The Cloud Predictions for 2019
You can’t write a blog series without an end-of-year prediction post. I’ve been doing these posts for a few years. My annual posts focused on Hyper-V at first. Last year I switched to Hyper-V & Cloud. This year I will focus entirely on cloud – there simply is not enough in news in the world of on-premises Hyper-V to talk about.
I like to review how I scored in the previous year – it gives you a basis for judging my 2019 predictions! Last year I started with “PaaS Before IaaS” – I thought that 2018 would be the year that people would start realizing that digital transformation is more than just moving old problems to a new place (migrating existing virtual machines). I was wrong – people are still machine-focused, so I give myself an F on this.
My “Containers Are the VDI of 2018” predicted that containers (“Docker”) would be a huge talking point in 2018. Along with IoT and AI, it’s been wall-to-wall containers. Azure Kubernetes Service, Service Fabric v2, and the whole microservices thing … along with Microsoft repeatedly telling us that Containers are the virtualization of this decade. That was an easy A+.
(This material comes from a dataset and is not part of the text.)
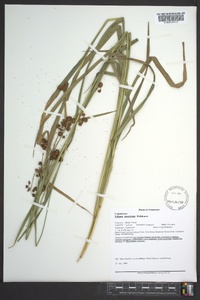 Scirpus georgianus image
One of the things that has annoyed me and other Microsoft watchers is the mainstream media’s ignorance of how large Microsoft’s cloud adoption has been. It’s been all Google, Amazon, and Facebook, but Microsoft has been the number 1 overall cloud company for quite a while, thanks mainly to Office 365. I predicted that Microsoft would take some of the mind-space back in “Azure Assumes Leadership Position”. Azure’s growth continues to be remarkable and played a large role in Microsoft’s share valuation increase. Now the media are talking about Microsoft Azure, and that’s being boosted by some big name corporate customers announcing adoptions of Microsoft platform. This was another easy A+.
“All DevOps All The Time” was inspired by the new fad in IT: DevOps. DevOps to me is about releasing bad code more quickly. But all jokes aside, DevOps is a very structured way to release code into systems in a faster way. It’s not about building VMs, changing disk tiers, configuring VPN connections, and all the foundational infrastructure stuff. As I expected, Microsoft is all in on DevOps. Even the new “IT pro evangelism” team in Redmond is called “DevOps”. Another A for me!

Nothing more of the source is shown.